Mira que les dimos vueltas. Puede que a la edad en que los leímos no fuéramos capaces de apreciar su justo valor. Puede que muchos de ellos resulten hoy ilegibles. Pero no me cabe duda de que aquella eclosión literaria nos nutrió de modernidad y cosmopolitismo cuando más necesitábamos de ambos. Estaban en nuestra vecindad. Moldearon nuestro gusto y propiciaron encuentros y desencuentros. "¿En qué momento se jodió el Perú?", la pregunta que se hacía Zavalita, se convirtió en contraseña generacional. Eran tiempos de guerrillas, terrorismo, utopías revolucionarias y revitalización paradójica del marxismo entre los adoquines del sesenta y ocho. Otra vez, como en los años treinta, intelectual y escritor eran sinónimos de simpatizante del comunismo y, desde luego, de izquierda. Pero Vargas Llosa, que había pertenecido a ese mundo, no se quedó entre los muros del pensamiento único.
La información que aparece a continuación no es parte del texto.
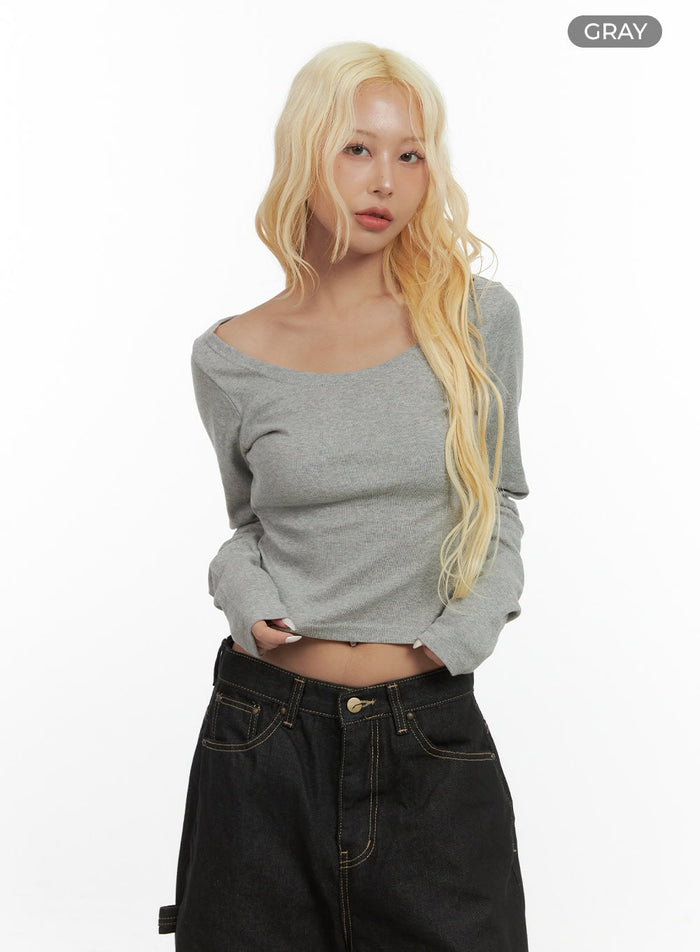 classic-u-neck-cotton-long-sleeve-crop-cs426 / Gray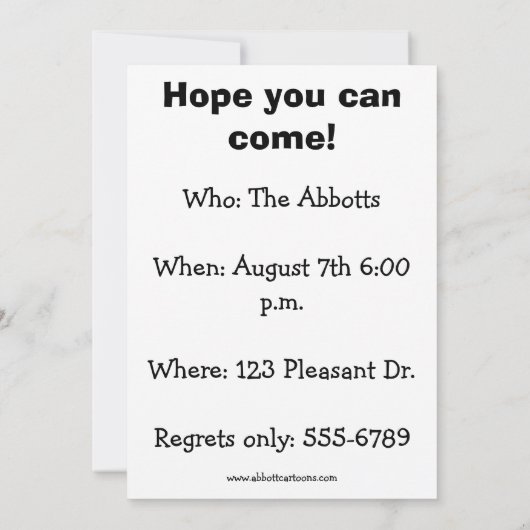 Funny Pool Party Einladung (Rückseite)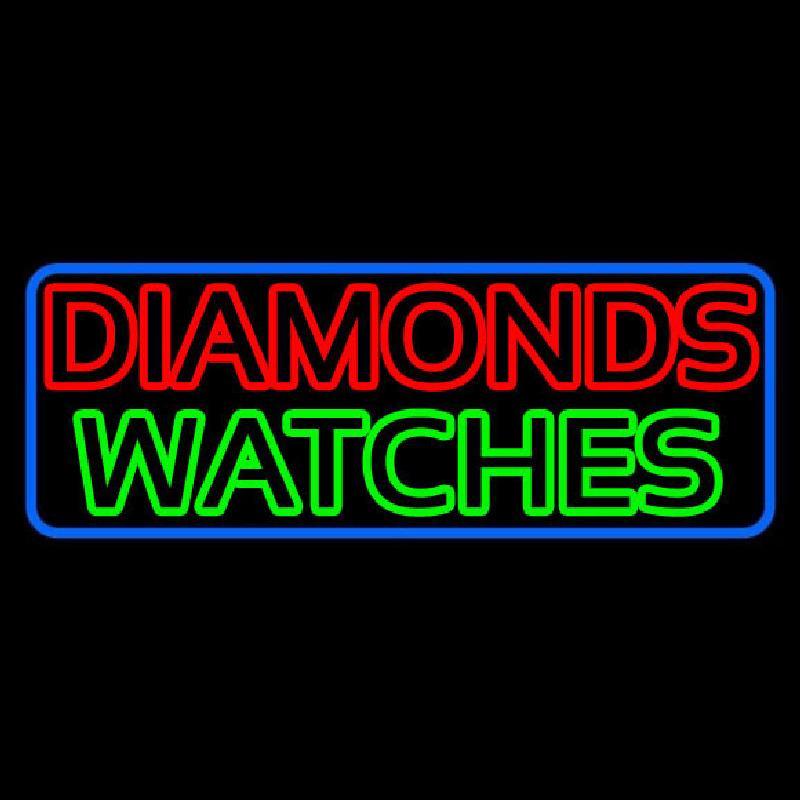 Red Diamonds Green Watches Handmade Art Neon Sign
En contraposición a García Márquez, todavía fiel escolta de la dictadura de los Castro, emprendió un viaje político que le llevaría al liberalismo. Se enfrentó a las doctrinas mesiánicas y los antiamericanismos de venas abiertas que han hecho estragos en Latinoamérica. No lograría la presidencia del Perú, pero contribuyó a la emergencia de una corriente de opinión que acabó con el monopolio detentado por la izquierda y subproductos delirantes. Tampoco hay que olvidar, tratándose de un escritor que residió largos años en Barcelona, su firme oposición al nacionalismo catalán, que le detesta, como es costumbre de fanáticos. Es éste un Nobel a celebrar por muchos motivos y que no gustará a los sectarios. Un Nobel, en fin, que sentimos como nuestro.